Marketing innovation used to be about developing bespoke loyalty schemes, strategic pricing incentives or cool customization options. Now it’s about building genuine customer relationships in addition to driving conversions. Marketing organizations must innovate to design meaningful and relevant customer journeys. And they’re on the hook to do it at the speed of customer and market change.

What’s stopping marketers from innovating? 

Yet marketing has gotten so complex and cluttered that CMOs and their teams are struggling to find the time and resources—much less the headspace—to innovate. I recently met with the CMO of a European platform company who told me that the organization uses 300 different marketing technologies. Imagine how much complexity that adds to everything those marketers do every day.

Are any marketers breaking through innovation barriers with outcomes?

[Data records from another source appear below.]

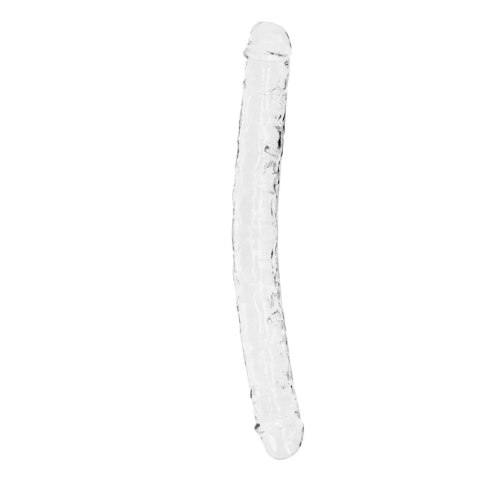 Dildo podwójne RealRock Crystal Clear realistyczne 34 cm RealRock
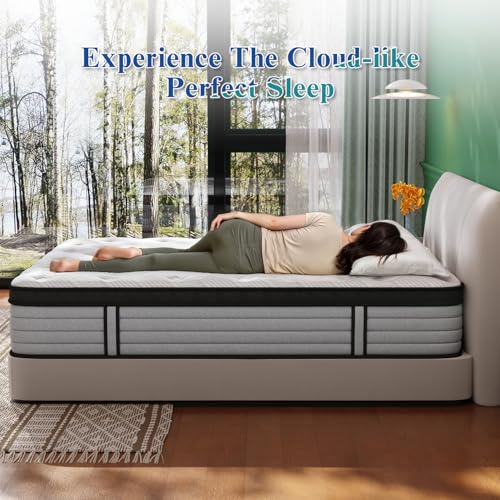 NeoDream Full Size Hybrid Mattress with Memory Foam & Pocket Springs, 12 Inch in a Box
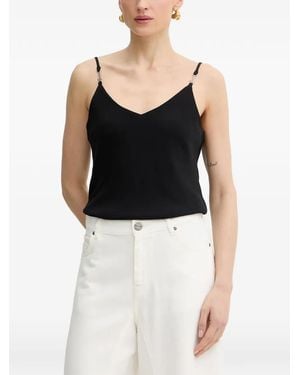 Guess Logo-Lettering Tank Top - Black
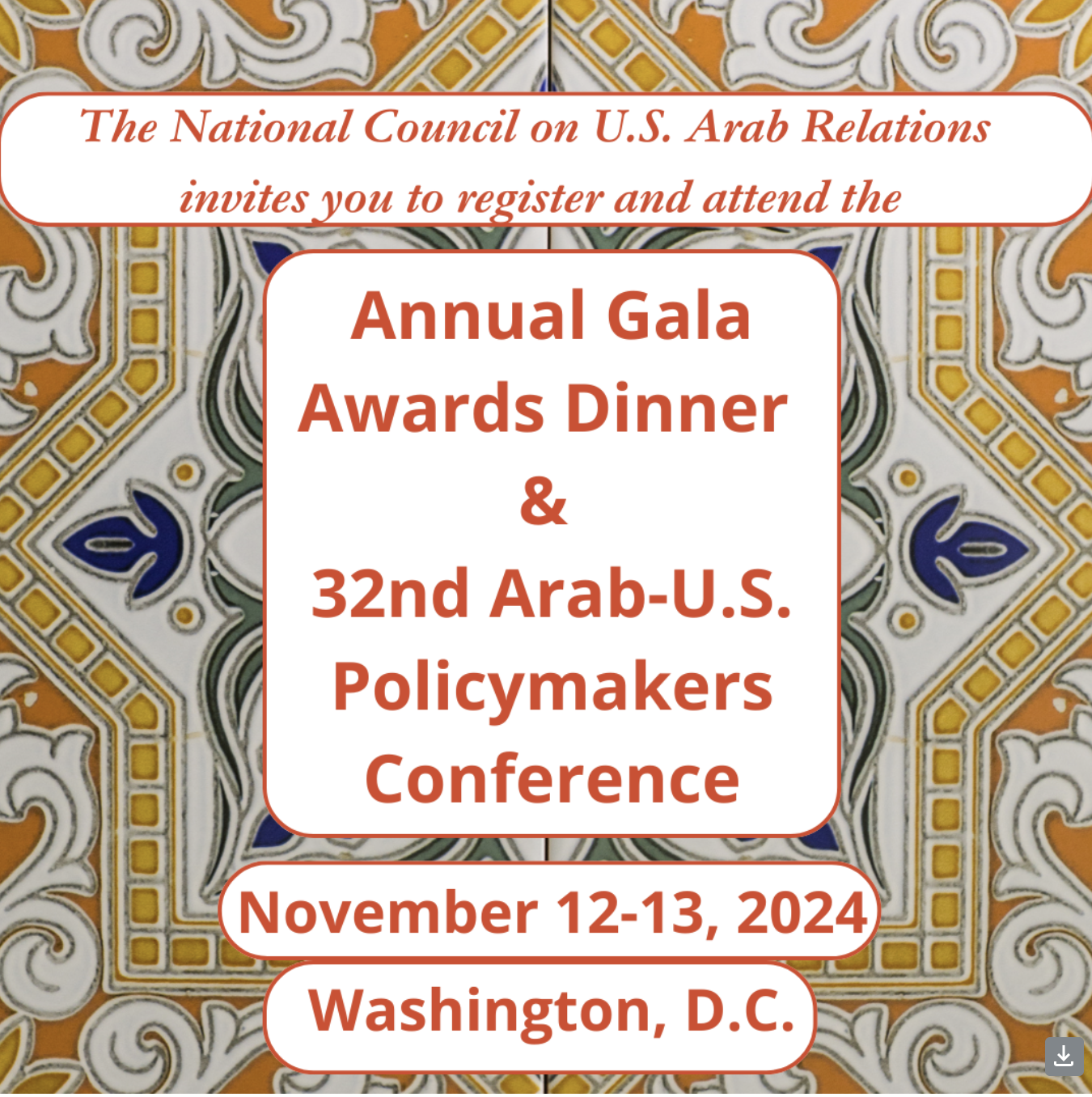 National Council on U.S.-Arab Relations Annual Gala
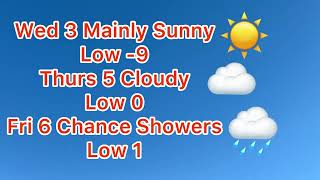 Weather Forecast For The City of Kawartha Lakes [upl. by Tammi]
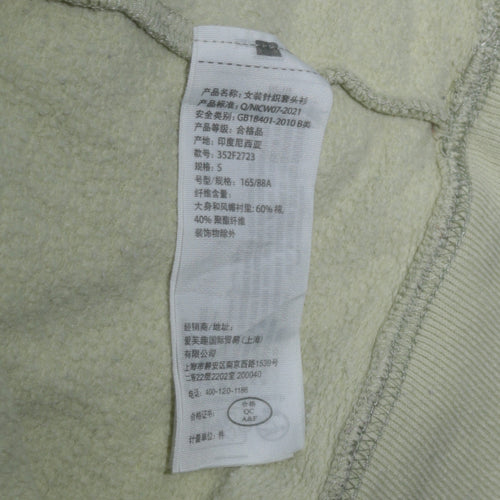 Hollister Women’s Green Pullover Hoodie Small Logo Embroidered Cotton Blend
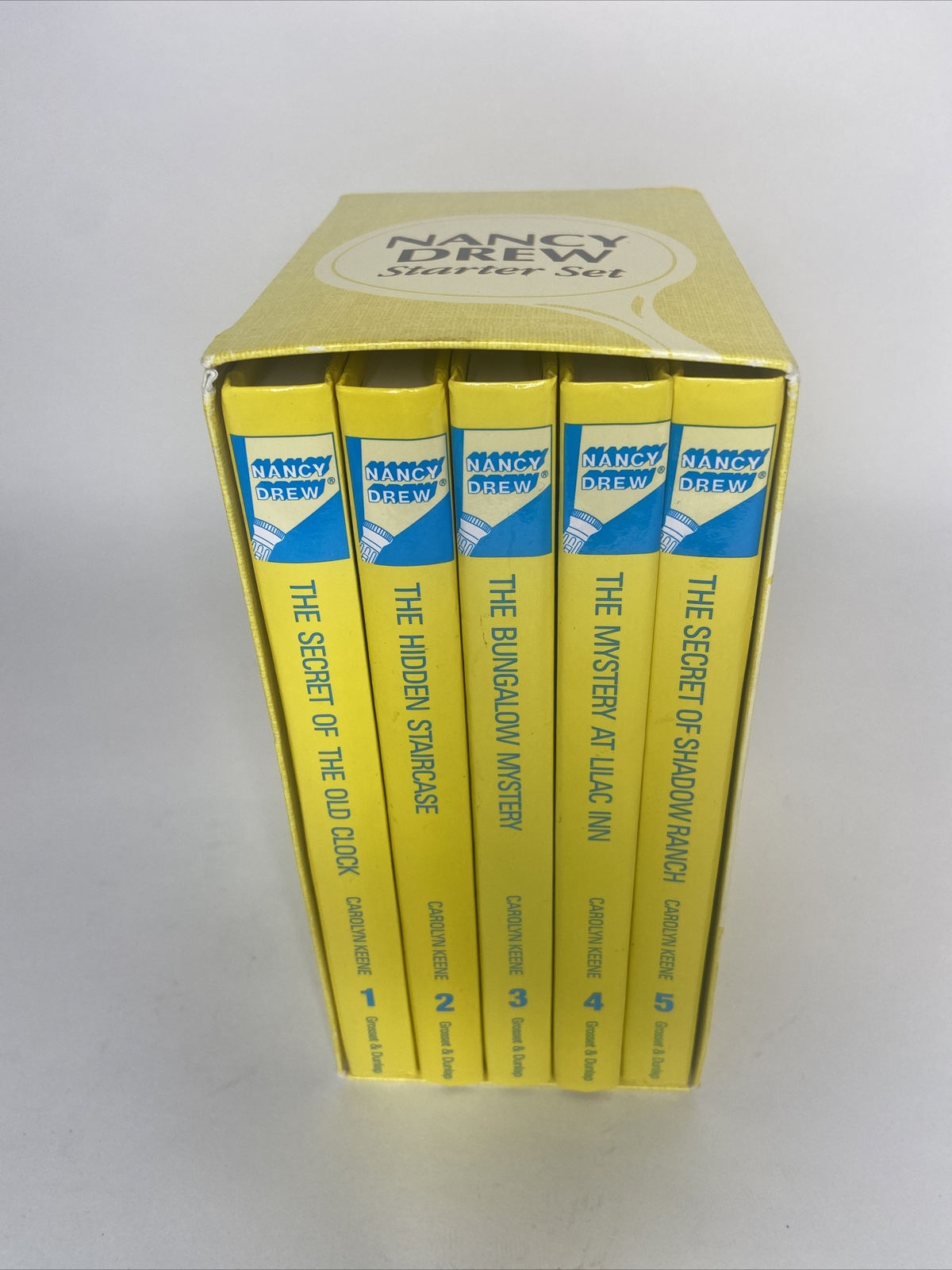 Nancy Drew Starter Set 5 Books Box Collection By Carolyn Keene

Not all marketing organizations are caught in complexity. Our new global CMO research introduced a small group of marketers—Thrivers—who are over 1.4x more likely to perform far better in revenue growth and profitability. They clear away the clutter to make room for what really matters, which includes innovation. Having innovative products and services is a critical success factor for Thrivers, second only to customer satisfaction.

A key reason Thrivers innovate well is because they have future-ready marketing operations—the highest level of operations maturity. By intelligently combining technology, data insight, processes and talent, future-ready organizations deliver next-level customer and employee experiences with more, relevancy, efficiency and profitability. Think of it as having the most advanced “marketing machine” that there is.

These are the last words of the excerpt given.